Saking kuatnya cengkeraman internet hingga
secara cepat mampu mengubah cara pandang, menjungkirbalikan logika, bahkan
melemahkan daya nalar. Revolusi kini tidak lagi melalui senjata atau tank,
melainkan bisa melalui medsos. Seperti dikatakan Taufan Hariyadi (dalam
Republika edisi Rabu, 18 April 2018) bahwa kalau ada senjata pemusnah massal di
era industri 4.0 seperti sekarang, media sosial bisa jadi salah satunya.

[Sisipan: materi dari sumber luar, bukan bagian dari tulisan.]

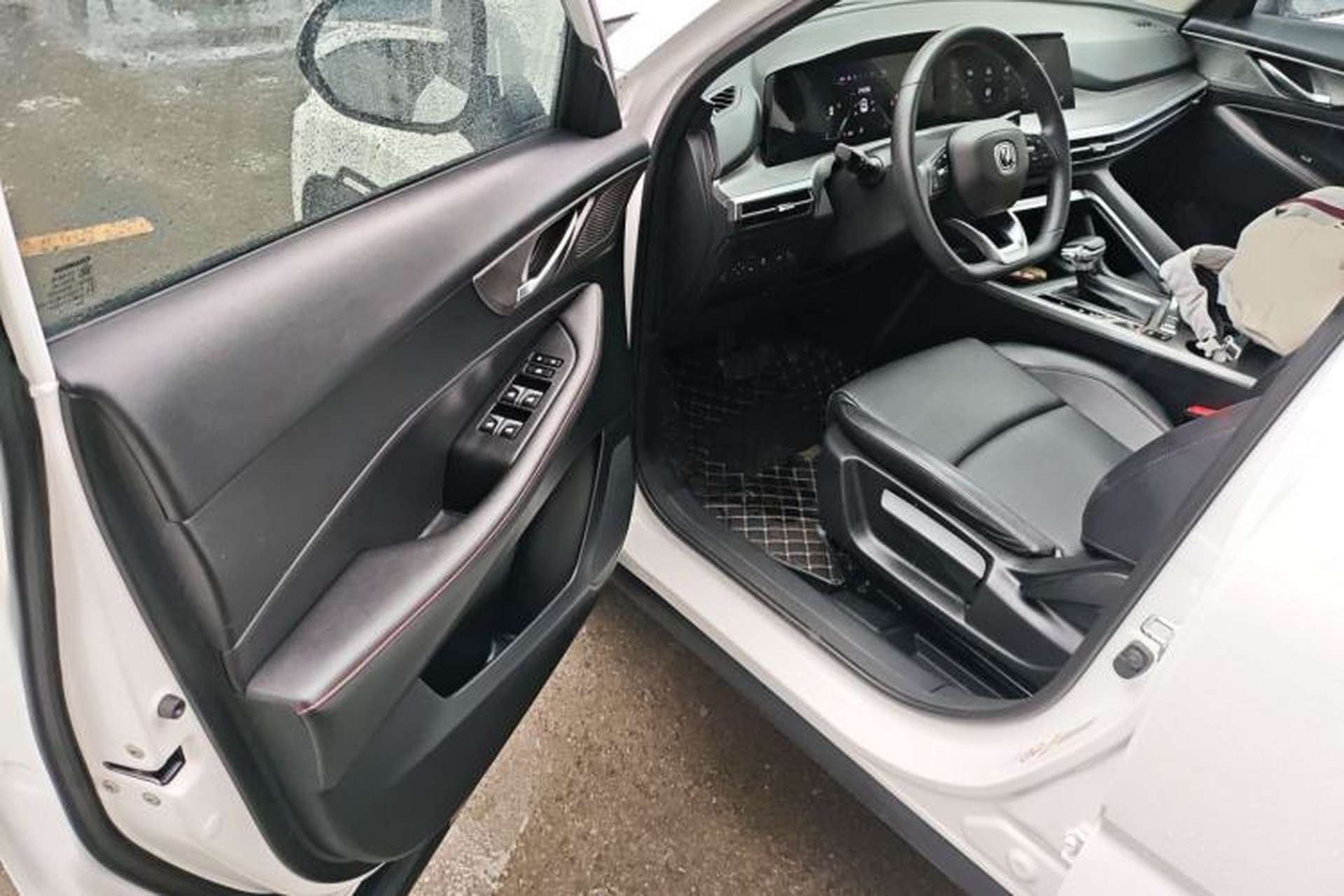 Used CHANGAN CS35PLUS 2021 Revised Version Blue Whale NE 1.4T DCT Luxury Edition Driver Seat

Dalam dunia akademik, teknologi informasi
seperti dua sisi mata uang yang tidak dapat dipisahkan antara fungsinya sebagai
tools yang memudahkan interaksi mahasiswa dalam mengeksplorasi berbagai
ilmu pengetahuan sekaligus menjadikan peluang berbuat curang dan culas serta
memanjakan dan melemahkan daya nalar.
Sebagai tools, teknologi informasi
bermanfaat : 1) Memecahkan masalah kompleks seperti memproses informasi dalam
skala besar, menemukan pola dan memberikan jawaban, 2) Meningkatkan efisiensi,
yakni dapat bekerja tanpa kesalahan,
mengurangi kuantitas SDM, dan menyederhanakan tugas-tugas, 3) Membuat
Keputusan lebih pintar, seperti menganalisis data, melihat trend, dan
menyarankan tindakan yang dapat di ambil di masa mendatang, dan Otomatisasi,
yakni melakukan pekerjaan lebih cepat, lebih hemat, dan mampu melakukan
pekerjaan yang rumit dilakukan oleh manusia.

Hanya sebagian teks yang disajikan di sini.